▶ **Captioned web image data**

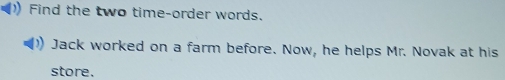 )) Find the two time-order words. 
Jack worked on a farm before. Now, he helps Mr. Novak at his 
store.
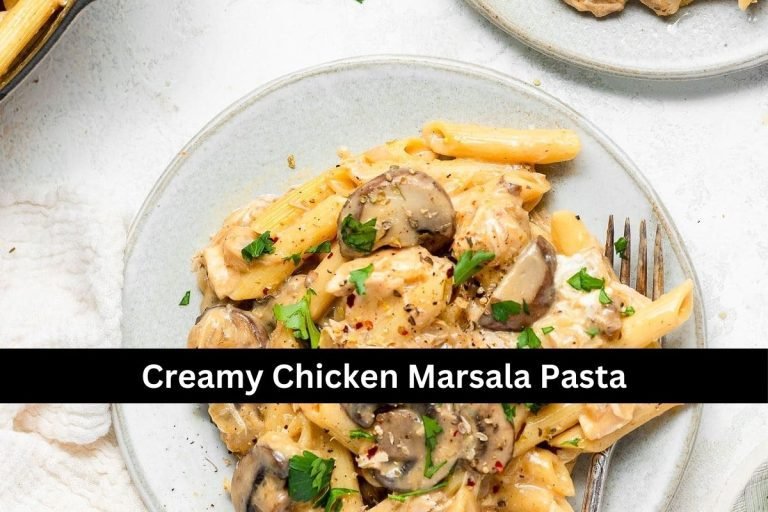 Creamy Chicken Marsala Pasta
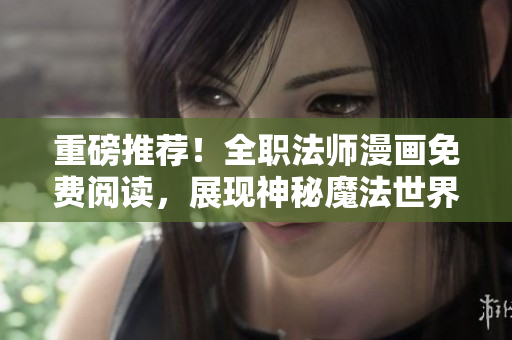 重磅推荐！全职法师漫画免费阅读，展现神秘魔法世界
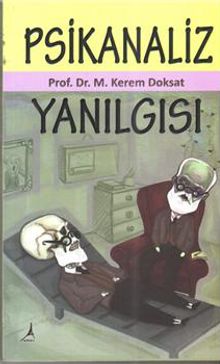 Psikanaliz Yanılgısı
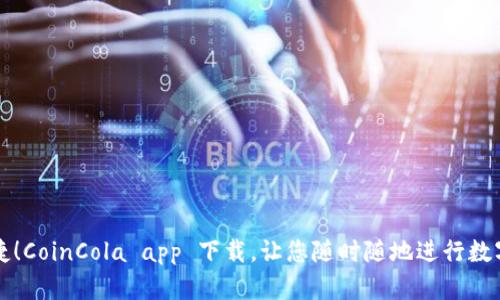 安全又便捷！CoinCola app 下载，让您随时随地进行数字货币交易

▶ **Try it**
Return verbatim every line from the line containing "重磅推荐！全职法师漫画免费阅读，展现神秘魔法世界" to the last line of the entries above, inclusive, and leave out the pictures.

▶ **Result of the task**
 重磅推荐！全职法师漫画免费阅读，展现神秘魔法世界
 Psikanaliz Yanılgısı
 安全又便捷！CoinCola app 下载，让您随时随地进行数字货币交易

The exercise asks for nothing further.